Before I could say anything, she went on vehemently. “He ruined me with his charm, so I ruined him with my knife. Not my fault—it was his karma. He took all my imperial treasures; I took his life. We’re even. He lost his voice; I lost my embroidery. Everything is gone!”
“Aunty Peony, it’s not all gone.”
She cast me a suspicious look. “What do you mean?”
I opened my jacket and showed her what I had sewn inside.
Aunty’s eyes were round as two big coins. “Oh, Heaven!
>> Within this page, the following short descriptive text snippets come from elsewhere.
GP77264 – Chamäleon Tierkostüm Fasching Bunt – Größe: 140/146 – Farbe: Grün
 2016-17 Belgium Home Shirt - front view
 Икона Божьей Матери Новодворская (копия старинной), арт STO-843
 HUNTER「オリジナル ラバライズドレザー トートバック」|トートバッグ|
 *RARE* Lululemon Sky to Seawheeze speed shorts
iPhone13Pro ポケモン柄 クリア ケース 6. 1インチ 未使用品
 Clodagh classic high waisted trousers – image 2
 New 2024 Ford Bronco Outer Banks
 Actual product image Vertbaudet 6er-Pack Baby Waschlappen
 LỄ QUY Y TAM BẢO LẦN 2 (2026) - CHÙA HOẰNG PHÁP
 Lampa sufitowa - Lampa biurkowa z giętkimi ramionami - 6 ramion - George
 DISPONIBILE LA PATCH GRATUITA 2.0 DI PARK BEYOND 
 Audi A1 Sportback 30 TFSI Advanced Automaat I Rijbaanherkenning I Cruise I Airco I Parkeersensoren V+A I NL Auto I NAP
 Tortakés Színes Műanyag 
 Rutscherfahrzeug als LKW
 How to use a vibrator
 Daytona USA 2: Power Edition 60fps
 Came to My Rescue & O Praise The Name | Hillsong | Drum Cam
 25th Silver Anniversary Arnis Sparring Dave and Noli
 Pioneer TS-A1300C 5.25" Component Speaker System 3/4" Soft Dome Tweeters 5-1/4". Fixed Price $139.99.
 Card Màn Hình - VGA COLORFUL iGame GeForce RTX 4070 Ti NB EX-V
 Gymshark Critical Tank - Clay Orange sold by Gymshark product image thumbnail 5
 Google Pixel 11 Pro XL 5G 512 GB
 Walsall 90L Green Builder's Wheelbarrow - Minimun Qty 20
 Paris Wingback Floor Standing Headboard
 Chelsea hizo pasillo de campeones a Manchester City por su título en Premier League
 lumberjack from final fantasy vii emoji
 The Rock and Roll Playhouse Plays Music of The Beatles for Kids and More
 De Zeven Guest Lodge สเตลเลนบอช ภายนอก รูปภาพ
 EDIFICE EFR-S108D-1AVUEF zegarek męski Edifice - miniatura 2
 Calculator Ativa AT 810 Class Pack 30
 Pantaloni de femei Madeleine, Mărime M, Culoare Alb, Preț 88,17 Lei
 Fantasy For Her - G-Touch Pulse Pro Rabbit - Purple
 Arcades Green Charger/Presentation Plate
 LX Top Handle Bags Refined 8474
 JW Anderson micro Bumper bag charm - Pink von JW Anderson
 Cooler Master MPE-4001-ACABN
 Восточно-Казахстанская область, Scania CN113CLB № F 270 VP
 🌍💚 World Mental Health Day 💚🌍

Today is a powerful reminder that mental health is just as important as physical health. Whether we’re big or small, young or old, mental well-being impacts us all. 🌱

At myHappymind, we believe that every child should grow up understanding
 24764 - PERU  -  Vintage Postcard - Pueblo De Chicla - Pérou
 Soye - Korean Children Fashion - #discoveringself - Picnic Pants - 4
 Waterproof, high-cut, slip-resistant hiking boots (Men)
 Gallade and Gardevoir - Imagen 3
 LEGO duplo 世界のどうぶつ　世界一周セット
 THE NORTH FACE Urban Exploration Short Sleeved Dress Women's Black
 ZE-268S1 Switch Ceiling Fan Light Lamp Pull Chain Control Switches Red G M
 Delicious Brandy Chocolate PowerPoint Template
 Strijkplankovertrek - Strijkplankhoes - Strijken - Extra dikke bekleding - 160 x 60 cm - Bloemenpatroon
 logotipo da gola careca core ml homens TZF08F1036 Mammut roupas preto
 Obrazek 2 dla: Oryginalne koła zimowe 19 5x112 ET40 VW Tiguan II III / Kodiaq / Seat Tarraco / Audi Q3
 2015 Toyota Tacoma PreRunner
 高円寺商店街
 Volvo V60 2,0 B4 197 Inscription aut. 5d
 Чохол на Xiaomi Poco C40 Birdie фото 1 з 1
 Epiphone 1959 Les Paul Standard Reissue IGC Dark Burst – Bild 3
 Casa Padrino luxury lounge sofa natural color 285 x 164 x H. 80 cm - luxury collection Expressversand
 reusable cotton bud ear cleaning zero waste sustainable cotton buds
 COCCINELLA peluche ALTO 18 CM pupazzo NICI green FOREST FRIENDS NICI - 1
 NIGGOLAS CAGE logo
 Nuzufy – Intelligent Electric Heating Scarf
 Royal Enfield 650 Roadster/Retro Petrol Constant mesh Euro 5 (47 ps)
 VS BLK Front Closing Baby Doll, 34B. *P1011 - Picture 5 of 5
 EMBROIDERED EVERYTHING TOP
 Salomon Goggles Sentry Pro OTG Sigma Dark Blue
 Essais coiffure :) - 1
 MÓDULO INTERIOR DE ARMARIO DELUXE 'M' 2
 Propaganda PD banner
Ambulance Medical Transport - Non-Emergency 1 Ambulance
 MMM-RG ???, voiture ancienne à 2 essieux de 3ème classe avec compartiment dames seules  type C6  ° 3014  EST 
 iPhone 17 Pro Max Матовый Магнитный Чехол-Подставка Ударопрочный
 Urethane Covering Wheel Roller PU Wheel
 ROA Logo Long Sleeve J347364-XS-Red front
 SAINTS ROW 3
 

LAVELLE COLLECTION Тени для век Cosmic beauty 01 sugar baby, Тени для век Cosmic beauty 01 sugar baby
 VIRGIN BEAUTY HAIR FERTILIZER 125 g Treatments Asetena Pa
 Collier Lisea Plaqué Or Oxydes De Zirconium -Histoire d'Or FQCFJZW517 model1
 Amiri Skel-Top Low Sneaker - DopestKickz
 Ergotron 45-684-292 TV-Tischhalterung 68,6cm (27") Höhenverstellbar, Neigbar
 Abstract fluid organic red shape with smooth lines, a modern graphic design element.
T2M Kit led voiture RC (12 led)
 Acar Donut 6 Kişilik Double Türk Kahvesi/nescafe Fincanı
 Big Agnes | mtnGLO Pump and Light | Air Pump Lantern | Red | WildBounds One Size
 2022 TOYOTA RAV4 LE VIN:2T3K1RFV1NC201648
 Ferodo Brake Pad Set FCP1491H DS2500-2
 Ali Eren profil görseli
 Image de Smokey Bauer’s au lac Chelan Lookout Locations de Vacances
How did you get this? I thought I’d lost it.”
“No, Aunty. I found it where you’d hidden it in your pillow.”
She reached out with her bony hand and stroked it. “How could I have forgotten where I put it? It was my token of love for the emperor!”
“The emperor?” I already knew about this but hoped to learn more.
“Yes, the emperor. I was sixteen and he was twenty-six; we loved each other dearly. I embroidered this for his thirtieth birthday. But he died shortly afterward.”
“How?”
“Poisoned, I’m sure. People inside the palace died mysteriously all the time. Princes, princesses, imperial consorts, eunuchs, maids, anyone you can think of . . .”
Of course, I couldn’t think of such people—I’d never met a prince or princess, or any of the others. I tried to imagine life inside the Forbidden City and Aunty’s life and love in that vanished era, and assumed that she was imagining the same.
Little Doll had taken her hands off her ears and seemed to be trying to hear our conversation, so I spoke in a whisper. “Aunty Peony, you better hide this in case the guards here—”
“No, they won’t. The people here are idiots. They can’t tell the difference between an imperial garment and a rag.”
She frowned and shook her head. “Don’t worry, after all that has happened to me, I’m not going to lose my treasure again. No way, unless I die.” She held it against her cheek, then put the jacket on to conceal it.
Just then the prison guard reappeared. “All right, time’s up. If you like, come again tomorrow.”